◆ Exercise goal
Your answer must be an exact copy of the lines below, from the first through the one with "强手如云的比赛中出现紧张情绪，团队团结一致的简单介绍", with no pictures.
(Beginning of Source data)
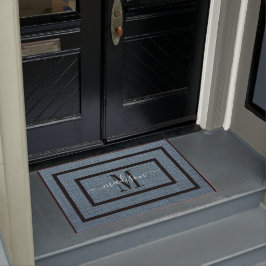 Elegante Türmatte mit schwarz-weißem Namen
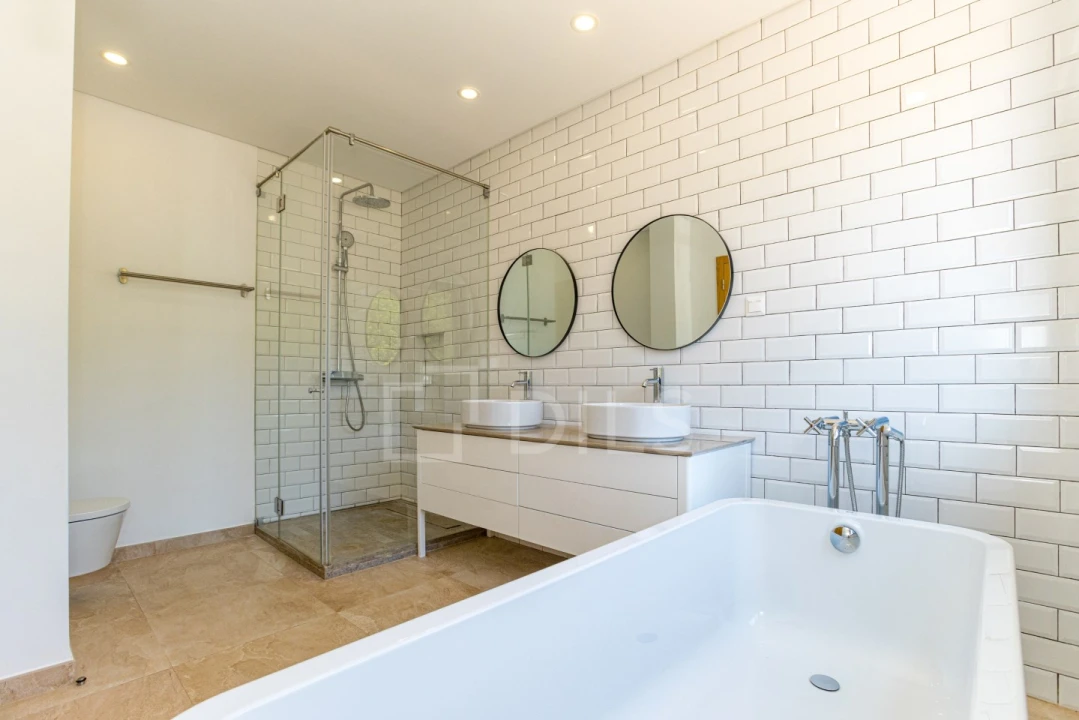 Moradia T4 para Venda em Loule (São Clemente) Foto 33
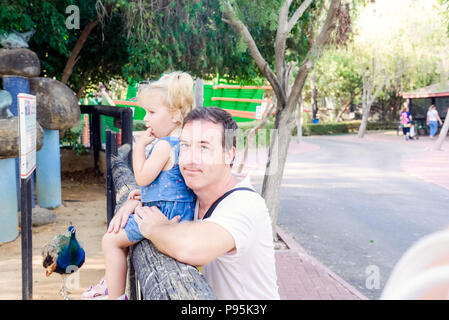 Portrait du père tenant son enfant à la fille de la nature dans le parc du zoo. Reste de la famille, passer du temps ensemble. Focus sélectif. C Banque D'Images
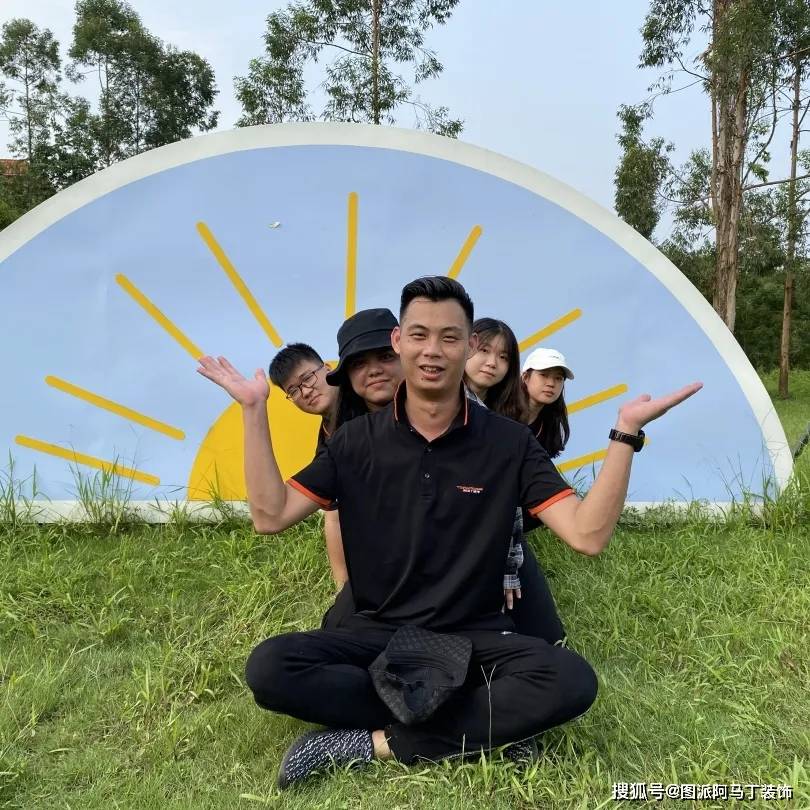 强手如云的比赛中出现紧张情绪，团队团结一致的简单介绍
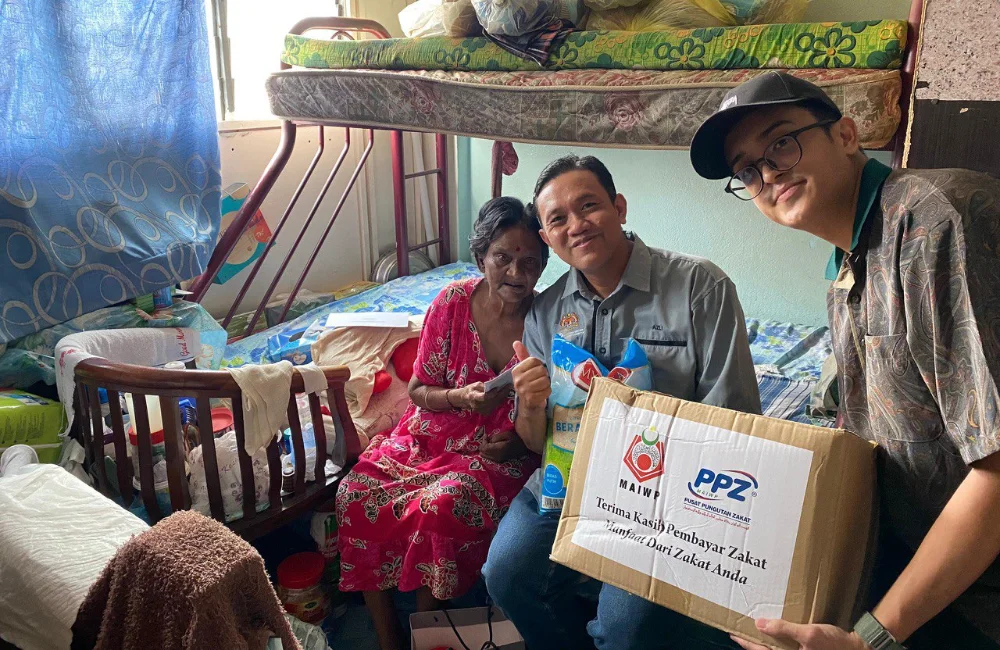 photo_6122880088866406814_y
(End of Source data)
◆ Exercise output
 Elegante Türmatte mit schwarz-weißem Namen
 Moradia T4 para Venda em Loule (São Clemente) Foto 33
 Portrait du père tenant son enfant à la fille de la nature dans le parc du zoo. Reste de la famille, passer du temps ensemble. Focus sélectif. C Banque D'Images
 强手如云的比赛中出现紧张情绪，团队团结一致的简单介绍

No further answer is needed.